Here is the code snippet

class PatchLevelNetwork(BaseNetwork):
    def __init__(self):
        super(PatchLevelNetwork, self).__init__('p_')

        self.features = nn.Sequential(
            nn.Conv2d(in_channels=3, out_channels=16, kernel_size=3, stride=1, padding=1),
            nn.BatchNorm2d(16),
            nn.ReLU(),
            nn.Conv2d(in_channels=16, out_channels=16, kernel_size=3, stride=1, padding=1),
            nn.BatchNorm2d(16),
            nn.ReLU(),
            nn.Conv2d(in_channels=16, out_channels=16, kernel_size=2, stride=2),
            nn.BatchNorm2d(16),
            nn.ReLU(),

            # excluded middle part, refer to the abstract architecture above to get a feeling of how it is done here

            nn.Conv2d(in_channels=128, out_channels=256, kernel_size=3, stride=1, padding=1),
            nn.BatchNorm2d(256),
            nn.ReLU(),
            nn.Conv2d(in_channels=256, out_channels=256, kernel_size=3, stride=1, padding=1),
            nn.BatchNorm2d(256),
            nn.ReLU(),
            nn.Conv2d(in_channels=256, out_channels=256, kernel_size=2, stride=2),
            nn.BatchNorm2d(256),
            nn.ReLU(),

            nn.Conv2d(in_channels=256, out_channels=1, kernel_size=1, stride=1),
        )

        self.classifier = nn.Sequential(
            nn.Linear(1 * 64 * 64, 4),
        )

        self.init_weight()

    def forward(self, x):
        x = self.features(x)
        x = x.view(x.size(0), -1)
        x = self.classifier(x)
        x = F.log_softmax(x, dim=1)
        return x

As mentioned in the Methods Utilized post, each procedure has a BatchNorm2d (Batch Normalization). Due to overfitting when tested, double downsampling was also integrated. Note that the output if this network will be a feature map so that in the Level 2 - Image, so spatial information are no longer available after this level.

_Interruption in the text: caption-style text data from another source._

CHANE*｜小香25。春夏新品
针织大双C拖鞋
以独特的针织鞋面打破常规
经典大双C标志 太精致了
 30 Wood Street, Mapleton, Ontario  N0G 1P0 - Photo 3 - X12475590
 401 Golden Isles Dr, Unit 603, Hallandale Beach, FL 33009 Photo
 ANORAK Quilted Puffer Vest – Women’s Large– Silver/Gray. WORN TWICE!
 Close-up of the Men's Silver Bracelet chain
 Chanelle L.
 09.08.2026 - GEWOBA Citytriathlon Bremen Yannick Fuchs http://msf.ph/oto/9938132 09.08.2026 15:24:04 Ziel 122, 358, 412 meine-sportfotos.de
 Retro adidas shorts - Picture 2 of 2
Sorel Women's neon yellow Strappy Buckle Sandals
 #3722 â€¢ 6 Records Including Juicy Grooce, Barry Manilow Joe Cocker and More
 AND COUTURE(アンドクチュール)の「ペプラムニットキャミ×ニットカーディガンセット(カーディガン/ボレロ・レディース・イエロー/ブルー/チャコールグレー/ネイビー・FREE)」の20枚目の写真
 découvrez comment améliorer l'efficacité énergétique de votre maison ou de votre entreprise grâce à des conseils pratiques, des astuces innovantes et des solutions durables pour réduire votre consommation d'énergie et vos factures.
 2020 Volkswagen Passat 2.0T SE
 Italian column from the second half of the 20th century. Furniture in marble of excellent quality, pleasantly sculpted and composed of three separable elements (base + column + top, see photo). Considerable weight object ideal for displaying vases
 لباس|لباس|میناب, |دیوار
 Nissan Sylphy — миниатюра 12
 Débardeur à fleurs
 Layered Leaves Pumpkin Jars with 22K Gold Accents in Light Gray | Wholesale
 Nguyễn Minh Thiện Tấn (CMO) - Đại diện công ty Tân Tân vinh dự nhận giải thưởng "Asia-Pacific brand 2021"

Moreover, it is common in neural network to utilize maxpooling, but I’ve used 2x2 convolution layer with a stride of 2 instead (they pretty much do the same thing, I’ve used it because with a subset it performed better in terms of accuracy). If you are familiar with machine learning, you would have noticed the log_softmax function. Since the network is trying to classify a non-binary model, it makes sense to use the SoftMax.

Note that after each epoch the model is saved into a Pytorch checkpoints file.